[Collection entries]

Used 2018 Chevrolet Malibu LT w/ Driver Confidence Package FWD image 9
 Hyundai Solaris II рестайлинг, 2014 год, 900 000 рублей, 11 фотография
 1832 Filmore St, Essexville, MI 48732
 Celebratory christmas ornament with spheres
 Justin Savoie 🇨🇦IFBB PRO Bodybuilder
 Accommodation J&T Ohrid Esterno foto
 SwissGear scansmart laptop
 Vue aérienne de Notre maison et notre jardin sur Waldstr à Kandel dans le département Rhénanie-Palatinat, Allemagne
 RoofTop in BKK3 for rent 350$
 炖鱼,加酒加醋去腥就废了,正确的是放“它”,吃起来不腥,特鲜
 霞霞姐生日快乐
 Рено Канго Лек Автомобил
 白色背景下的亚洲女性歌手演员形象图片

> Your objective
Please reproduce each entry exactly as it appears.

> Written answer
Used 2018 Chevrolet Malibu LT w/ Driver Confidence Package FWD image 9
 Hyundai Solaris II рестайлинг, 2014 год, 900 000 рублей, 11 фотография
 1832 Filmore St, Essexville, MI 48732
 Celebratory christmas ornament with spheres
 Justin Savoie 🇨🇦IFBB PRO Bodybuilder
 Accommodation J&T Ohrid Esterno foto
 SwissGear scansmart laptop
 Vue aérienne de Notre maison et notre jardin sur Waldstr à Kandel dans le département Rhénanie-Palatinat, Allemagne
 RoofTop in BKK3 for rent 350$
 炖鱼,加酒加醋去腥就废了,正确的是放“它”,吃起来不腥,特鲜
 霞霞姐生日快乐
 Рено Канго Лек Автомобил
 白色背景下的亚洲女性歌手演员形象图片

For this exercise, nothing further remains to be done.